I’m pretty sure I’m not a banana: I’m a long-distance grandma. I wonder, though if I am getting better at being a grandmother. If practice makes perfect, probably not.
“Motherhood is not for the fainthearted,” claims Danielle Steele in The Gift of Motherhood.
I agree.
Spiders, frogs and the contrariness of teenagers do not provide an improving ground for the cowardly. I always had a shimmering vision, though, that, with my grandchildren, we would take day-long walks along Kingsport beach, laughing at the cliff swallows, chasing hermit crabs and blinking at the sandpipers winking in and out of sight. Everything would be more fun, happier, more relaxed than with my own boys.
Then my granddaughter was born half a country away, in Winnipeg, long before I was finished raising children of my own. Part of the cost of spreading my family out over so many years is there aren’t a lot of years between the next two generations. It may be a cost I didn’t mind paying in the midst of piles of diapers and the explorations of adventuresome toddlers, but I have to admit to a definite longing to take my grandchildren on my lap and tell them stories.
Now there is a new grandson I’ve never laid eyes on. Oh, I get pictures, but when toddlers are under three, it’s the way they climb on a sofa or pick up their toys that makes them recognizable to me. I know what his voice sounds like over the telephone, but I couldn’t pick him out of a crowd, even if he were calling, “Nana! Over here, Nana!”
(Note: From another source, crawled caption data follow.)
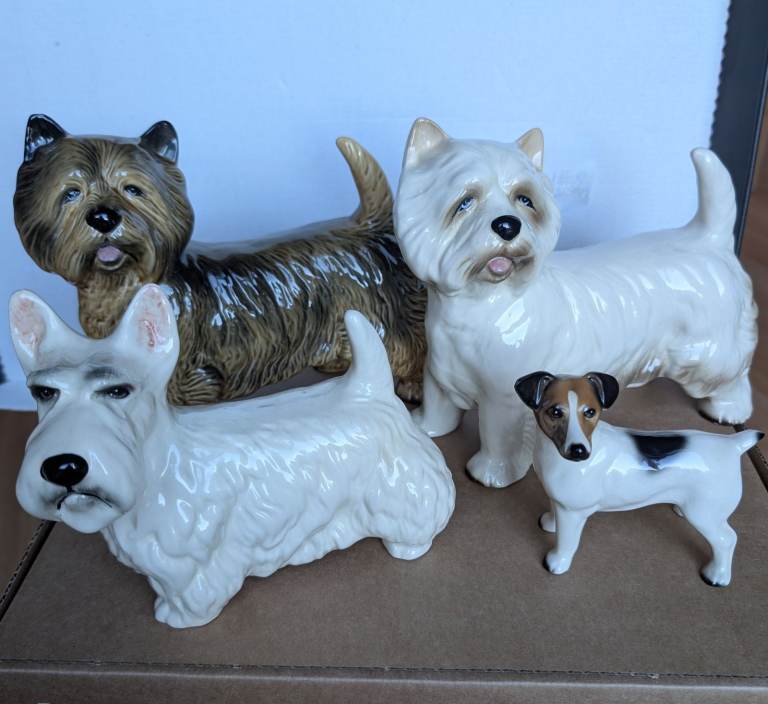 Coopercraft Terrier Figurines (Westie Cairn Scottie Jack Russell) vintage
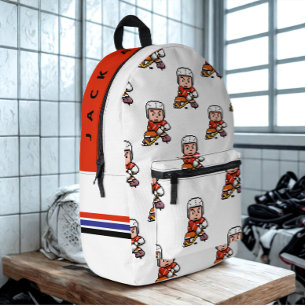 Modernes Individuelle Name Cartoon Hockey Player L Bedruckter Rucksack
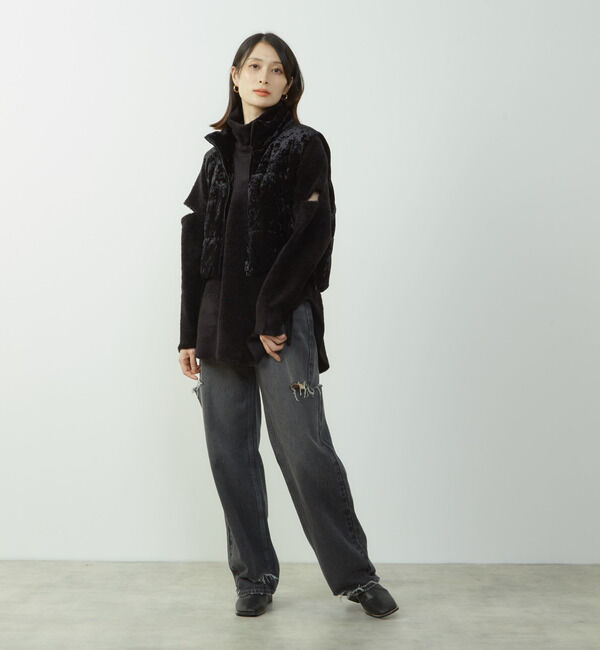 Soffitto「ふわふわトイプー起毛袖スリットプルオーバー」|Tシャツ・カットソー|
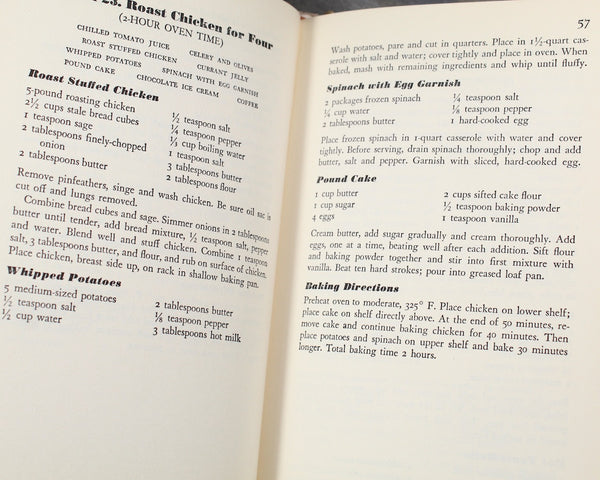 All-In-One Oven Meals - 100 Menus - 350 Recipes | Written by Ruth Bean | 1952 Mid Century Cookbook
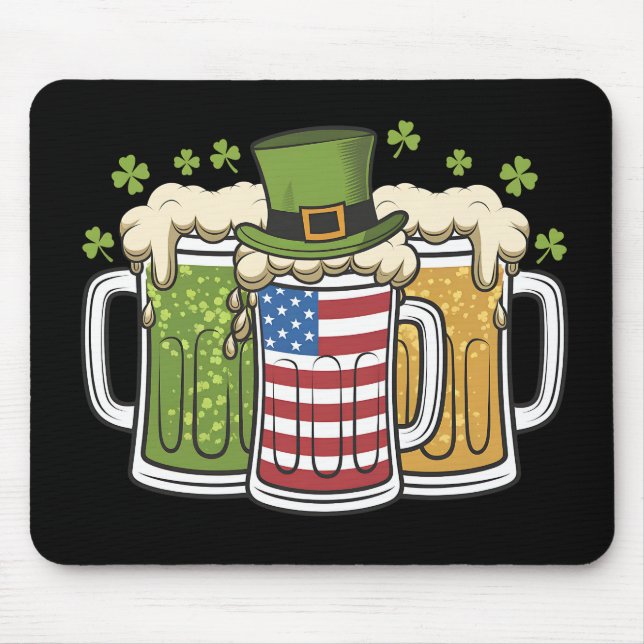 Irish Beer Ireland USA American Flag St Patrick's  Mouse Pad (Front)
A friend gave me a book, The Long Distance Grandmother by Selma Wasserman. It has chapters named “The Telephone Connection,” “The Postal Connection,” “Writing Stories for Grandchildren Who Can Read.” Mrs. Wasserman recommends that these connections not be used for reprimands, for pressuring children into more desirable modes of behaviour or dwelling on the purchase of new toys.
Instead, she gives lots of examples of things a grandma can say or write to open up some real communication, suggestions like a letter to a toddler that contains his name (printed in different colours or directions) or a handprinted and simply drawn storybook that shows grandma caring for her cat.
Mrs. Wasserman even copes with writer’s block!
“The secret key,” she tells us, “is to sit down to write.”
Well, other writers have told us the same thing. Have you heard these?
“Apply your bottom to the seat of the chair.”
“Place the pencil on the paper and keep it moving.”
“The right time to begin anything is likely 10 years ago.”
And Winston Churchill’s “If you’re going through hell, keep on going.”
So, long distance grandparents of Kings County, let’s keep that connection singing!